Running tests and benchmarks

If you want to make sure that your changes did not break anything, you can run our test suite that compares the results of each subroutine to pyOM2. To do that, you will need to compile the Python interface of pyOM2 on your machine, and then point the testing suite to the library location, e.g. through:

$ pytest -v . --pyom2-lib /path/to/pyOM2/py_src/pyOM_code.so

from the main folder of the Veros repository.

If you deliberately introduced breaking changes, you can disable them during testing by prefixing them with:

if not vs.pyom_compatibility_mode:
    # your changes

Automated benchmarks are provided in a similar fashion. The benchmarks run some dummy problems with varying problem sizes and all available computational backends: numpy, bohrium-openmp, bohrium-opencl, bohrium-cuda, fortran (pyOM2), and fortran-mpi (parallel pyOM2). For options and further information run:

$ python run_benchmarks.py --help

from the test folder.

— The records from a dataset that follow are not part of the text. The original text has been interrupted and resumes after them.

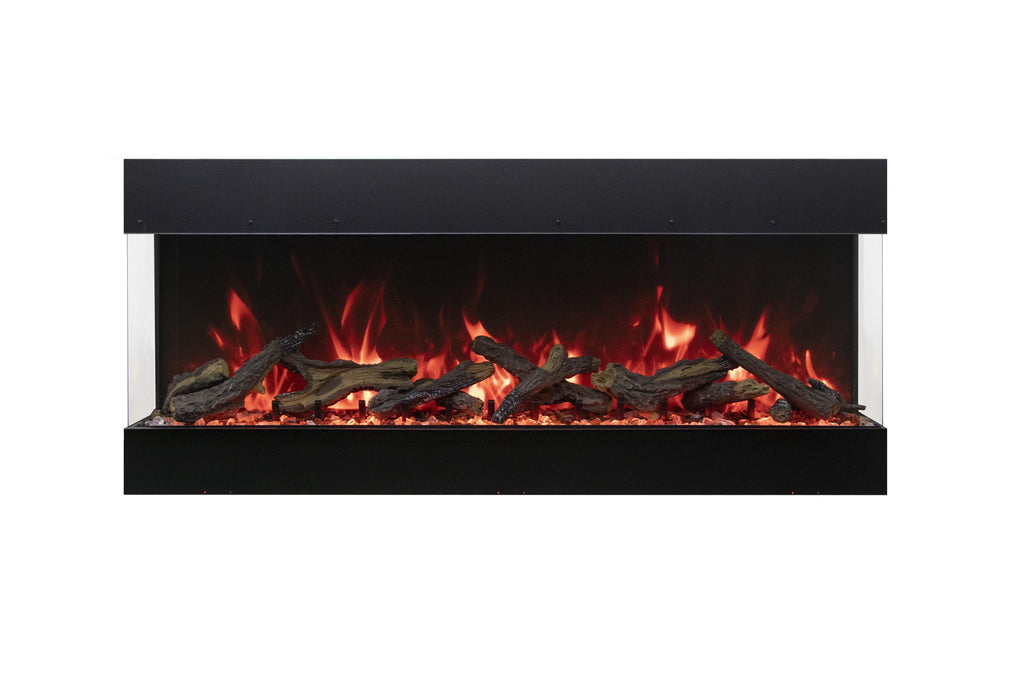 Electric fireplace with glowing logs and flames on a white background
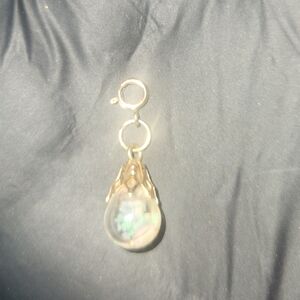 Gold Teardrop Pendant Charm with Iridescent Glass Opal Specks Accent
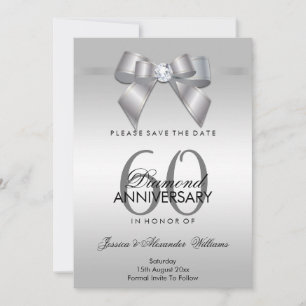 Save The Date Posh Gem Bow & Ribbon 60e anniversaire de Mariage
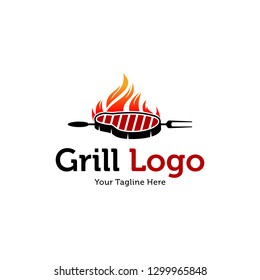 Hot Grill  Logo Template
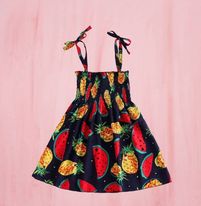 (RNN - 74) Vestido para niña 2 - 3 años con estampado piñas y sandías - JoyeriaParis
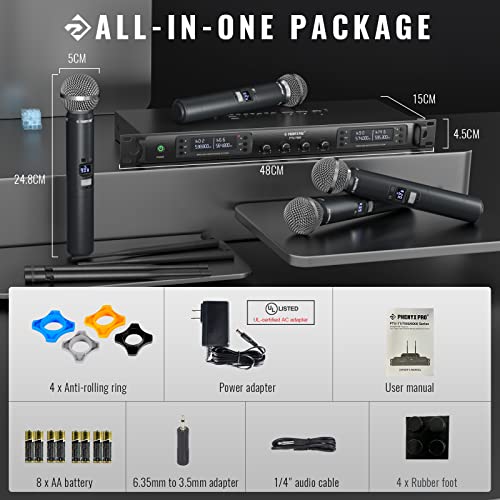 Quad Channel Wireless Microphone System with 4 Handheld Dynamic Microphone I81870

Timings are written in YAML format.

Performance tweaks

If your changes to Veros turn out to have a negative effect on the runtime of the model, there several ways to investigate and solve performance problems:

  • Run your model with the -v debug option to get additional debugging output (such as timings for each time step, and a timing summary after the run has finished).

  • Run your model with the -p option to profile Veros with pyinstrument. You may have to run pip install pyinstrument before being able to do so. After completion of the run, a file profile.html will be written that can be opened with a web browser and contains timings for the entire call stack.

  • You should try and avoid explicit loops over arrays at all cost (even more so when using Bohrium). You should always try to work on the whole array at once.

  • When using Bohrium, it is sometimes beneficial to copy an array to NumPy before passing it to an external module or performing an operation that cannot be vectorized efficiently. Just don’t forget to copy it back to Bohrium after you are finished, e.g. like so:

    if vs.backend_name == "bohrium":
        u_np = vs.u.copy2numpy()
    else:
        u_np = vs.u
    vs.u[...] = np.asarray(external_function(u_np))
    
  • If you are still having trouble, don’t hesitate to ask for help (e.g. on GitHub).